Department of Biomolecular Imaging, Institute of Biomembranes, Utrecht University, Padualaan 8, Utrecht 3584 CH, The Netherlands.
Traffic. 2012 Jul;13(7):926-33. doi: 10.1111/j.1600-0854.2012.01363.x. Epub 2012 Apr 29.
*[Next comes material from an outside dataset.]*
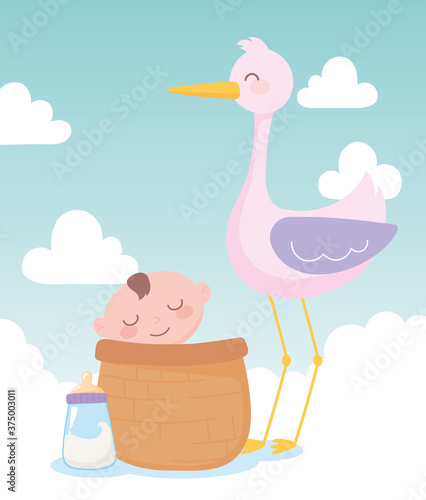 baby shower, stork and little boy in basket, celebration welcome newborn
Electron tomography (ET) is an indispensable high-resolution tool for three dimensional (3D) imaging in cell biology. When applied to immuno-labeled cells, ET can provide essential insights in both the cellular architecture and the dynamics. Current protocols for 3D immuno-labeling of intracellular antigens include permeabilization steps that cause random, extensive cell membrane disruption. This permeabilization results in a poor cell ultrastructure, limiting the usefulness of the specimens for high-resolution studies. Here we describe a novel method, based on a well-controlled permeabilization by targeted laser cell perforation, that allows for the 3D immuno-localization of cytoplasmic antigens in cultured cells. The approach is unique since it is applicable to both chemically and cryo-fixed cells and leads to a superior ultrastructural preservation for electron microscopy and tomography.
电子断层扫描(ET)是细胞生物学中三维(3D)成像不可或缺的高分辨率工具。当应用于免疫标记的细胞时,ET 可以提供关于细胞结构和动力学的重要见解。目前用于细胞内抗原的 3D 免疫标记的方案包括通透化步骤,该步骤会导致随机的、广泛的细胞膜破坏。这种通透化导致细胞超微结构较差,限制了标本用于高分辨率研究的用途。在这里,我们描述了一种新的方法,基于靶向激光细胞穿孔的良好控制的通透化,该方法允许在培养细胞中进行细胞质抗原的 3D 免疫定位。该方法是独特的,因为它适用于化学固定和冷冻固定的细胞,并导致电子显微镜和断层扫描的超微结构保存更好。